Other uprisings of slaves, in the common cause of human dignity and self-determination in the face of tyranny, also succeeded in winning freedom. The freed Blacks went on to establish themselves throughout Mexico, often marrying native women.

Because of the numerical superiority of the AmerIndians in Mexico (in contrast to countries like the Dominican Republic and Cuba), by the end of the colonial period Blacks had for the most part blended into the Mexican racial and cultural mix, except for Black communities in Veracruz and in Guerrero and Oaxaca on the Pacific Coast, which today are perhaps the most poverty-stricken and invisible of all of Mexico.

Prominent Afro-Mexicans include one of the leading lights in Mexico’s quest for independence from Spain, Padre Jose Maria Morelos, and the second president of the Mexican Republic, Vicente Guerrero. It is estimated that nearly every Mexican and Chicano has some African blood running in our veins. Africans — these are the roots of the Mexican reality, these were the ancestors of the Mexicans and Chicanos, and we today are the result, the Afro-Mestizos.

Though Mexico’s current president, Vicente Fox, superficially ended the 71-year reign of the PRI, he is really only the latest of four Mexican neoliberal presidents starting with Miguel de la Madrid in 1982.

Despite Mexico’s predominantly Indian and to a lesser extent Black roots, it is dominated by the colonial and neocolonial legacy of white faces who, with the capital accumulated from the extermination of the AmerIndian and the labor of the Black slave, own the means of production and the media, and act as functionaries of the system, headed by the white face of Fox himself, widely referred to as “el gringo.” This bourgeoisie imprints its ideals and norms upon members of the mostly non-white Mexican proletariat who in turn, much like many U.S. citizens, unwittingly work against their own class interests.

Because of the ruling-class ideological influence on their consciousness, they cannot see the outrage in the Mexican establishment’s “celebration” of Memin Pinguin, who acts as a degradation and mockery of the very Black race that flows through most Mexicans’ veins.

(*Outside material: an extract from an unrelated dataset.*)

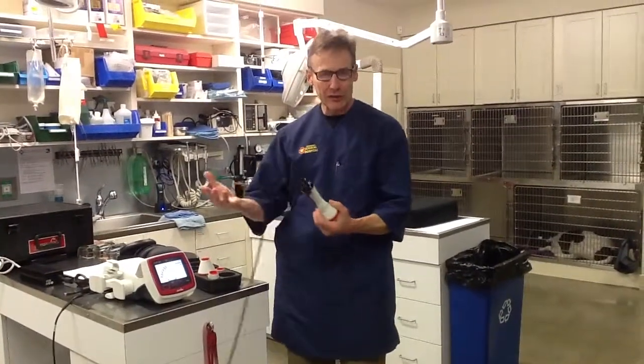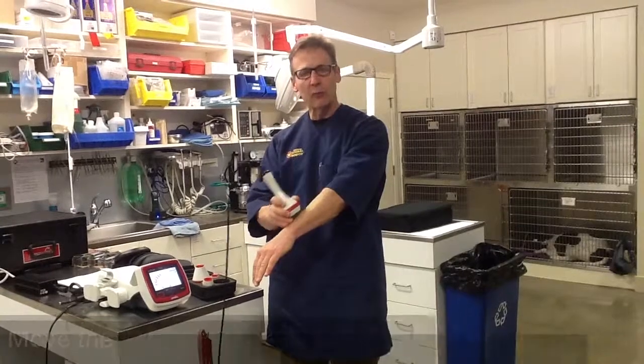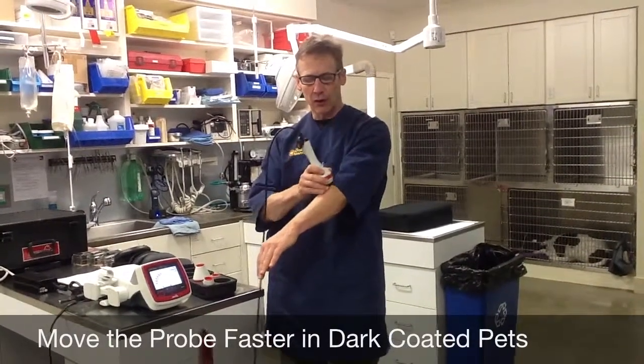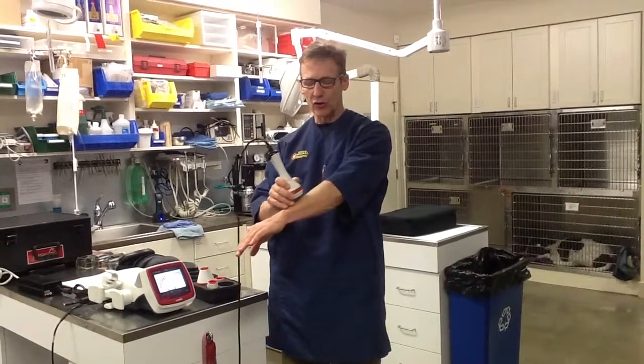Why would you want to move at 3 inches instead of 1? Say that you had a dark-skinned, dark-haired animal and it was feeling a little too warm. Then you can just move the probe a little bit faster and that will allow the tissue to cool down or stay cooler. You can also use the contact head slightly off contact — 1 or 2 millimeters away.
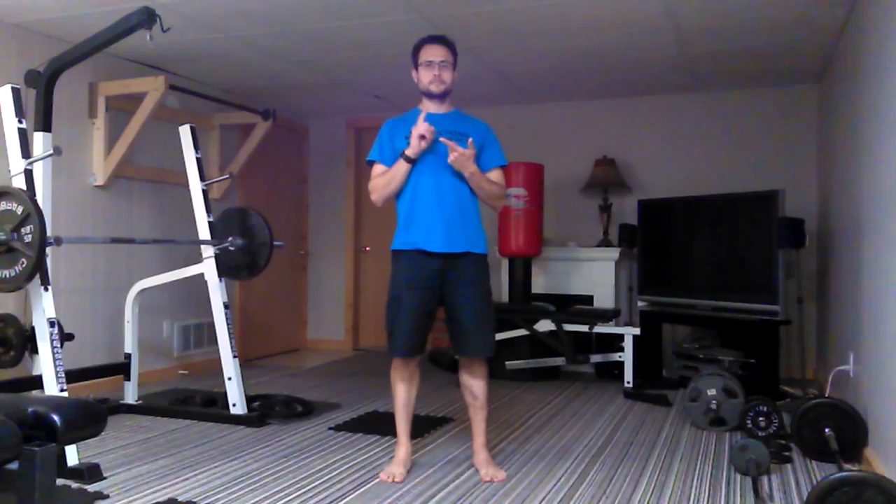That completes our first barbell complex and we will now move on to our bodyweight complex. For our second complex it's going to be bodyweight only — it's going to involve doing a burpee, followed by a push-up, followed by a front squat, followed by an inverted row on the bar. There are three different options for that: you can do a YTW on the ground, a reverse fly with dumbbells, or the inverted row. Then you're going to do a pull-up on the pull-up bar, followed by hanging leg raises and twisting hanging leg raises to work the obliques as well as the rectus abdominis. Just like in the previous one, start out with one rep of each exercise, then go to the next round, try to do two reps of each exercise, and ladder it up.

For it is not the Black face that is foreign in Mexico, it is the class with the land deeds, which forces its population into economic exile hundreds of miles north, which eagerly sells off Mexican resources to foreign white hands. It is their mandate that is foreign, their power, their subordination in the face of neoliberalism, their values that are the distorted aliens, not the Black man in Mexico. This is the class of monkeymen, this is the class of fools.

The only way to relieve the Mexican earth of this capitalist racist class and its power over the Mexican economy and consciousness is with the kind of unity, boldness and audacity that the Black slaves displayed in the early 1600s in the face of tyranny.

Cristobal Cavazos is a Chicano activist and graduate student in Latin American studies and Spanish. He lives in the Chicago area.